After taking our shoes off at the door, we respectfully made our way into her house. It was a curious place to me, simply decorated with old fashioned furniture and knickknacks.

I remember a figurine that sat on a small table by her green and gold lamp. It was of a woman with a fancy hat and gloves and a very glamorous smile painted across her porcelain face.

In the dining room was a corner shelf that held several elegantly flowered teacups with matching saucers. I can still see the bright colors and delicate handles of the teacups and how pretty they looked against the dark wood of the shelf.

I didn’t think about it then, but today I can imagine her placing each teacup in just the right spot and how she must have dusted them one by one, carefully returning them to their proper place on the shelf.

Her windows were always filled with plants. She was a prolific and gifted gardener; one of the many sweet things about her I didn’t truly appreciate until it no longer was.

I’m lucky after all these years to have vivid memories of her flower garden and of her walking gracefully in and out of the rows of beautiful flowers like a butterfly who didn’t want to miss out on a single one of them.

She was at home in the middle of all those flowers, chatting happily about which ones were doing well, which would bloom next and what colors they would be, stopping here and there to select just the right blossoms for a pretty and colorful bouquet to send home with my mom.

After a visit to her flower garden she would send us to the neighborhood store for vanilla ice cream. Carefully opening the ice cream carton from the side, she would slice the frozen treat like a loaf of bread; a thick, delicious square for each of us.

It was a special delight when raspberries were in season. Fresh from her garden, she’d spoon them onto our ice cream in a most generous fashion, the bright red berries atop the sweet ice cream slices making my mouth water with anticipation. I’d be hard pressed to remember having a better treat before or since.

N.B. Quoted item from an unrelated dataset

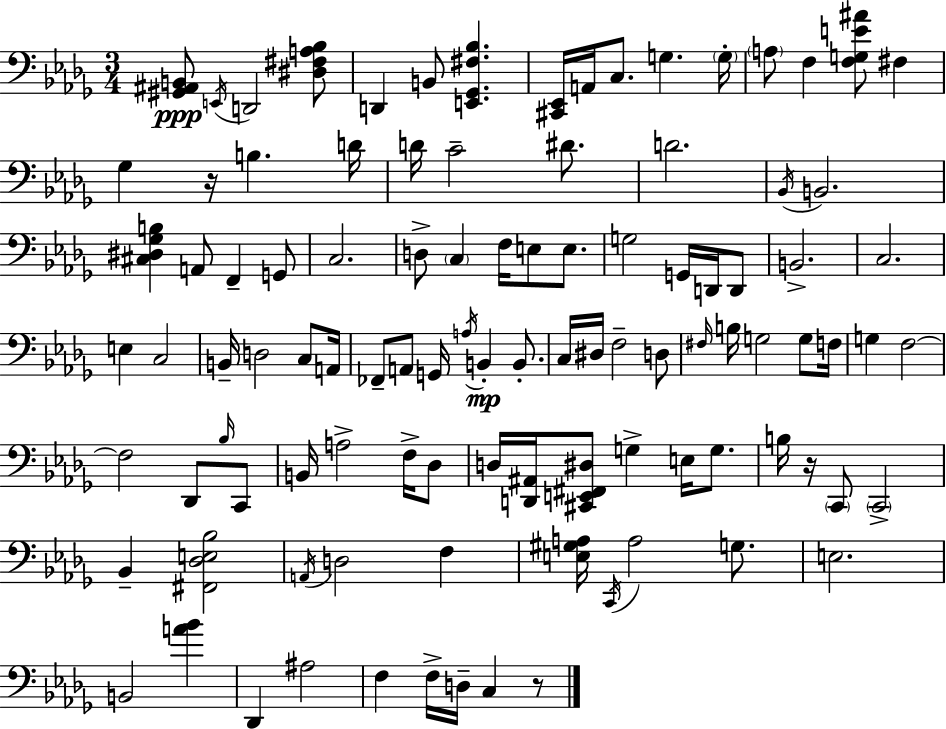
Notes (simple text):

[G#2,A#2,B2]/e E2/s D2/h [D#3,F#3,A3,Bb3]/e D2/q B2/e [E2,Gb2,F#3,Bb3]/q. [C#2,Eb2]/s A2/s C3/e. G3/q. G3/s A3/e F3/q [F3,G3,E4,A#4]/e F#3/q Gb3/q R/s B3/q. D4/s D4/s C4/h D#4/e. D4/h. Bb2/s B2/h. [C#3,D#3,Gb3,B3]/q A2/e F2/q G2/e C3/h. D3/e C3/q F3/s E3/e E3/e. G3/h G2/s D2/s D2/e B2/h. C3/h. E3/q C3/h B2/s D3/h C3/e A2/s FES2/e A2/e G2/s A3/s B2/q B2/e. C3/s D#3/s F3/h D3/e F#3/s B3/s G3/h G3/e F3/s G3/q F3/h F3/h Db2/e Bb3/s C2/e B2/s A3/h F3/s Db3/e D3/s [D2,A#2]/s [C#2,E2,F#2,D#3]/e G3/q E3/s G3/e. B3/s R/s C2/e C2/h Bb2/q [F#2,Db3,E3,Bb3]/h A2/s D3/h F3/q [E3,G#3,A3]/s C2/s A3/h G3/e. E3/h. B2/h [A4,Bb4]/q Db2/q A#3/h F3/q F3/s D3/s C3/q R/e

As I write this, my heart overflows with memories of this kind, sweet lady - too many and too tender to write about in one sitting. So just for now, on this beautiful summer day, I will remember her the way she was on those summer days of long ago, greeting us with a smile, making sure our visit was pleasant and special the way a gracious hostess does, and sending us off with more smiles, happy chatter, some homemade raspberry jam, and of course, a bouquet of beautiful flowers. Here’s to the precious memory of you, my dear Aunt Vickie.

* * *

[EDITORIAL NOTE: Reader's stories are welcome. If you have not published here or not recently, please read submission instructions. Only one story per email.]

Comments

My gosh, this was lovely. I don't know what else to say.

Beautifully written.

Reminds me of going for my weekly piano lesson in a similarly decorated living room in Hollywood when I was a kid. She even had a big pink hydrangea bush next to her front
window, and candy in a dish in the dining room. Thank you for this memory.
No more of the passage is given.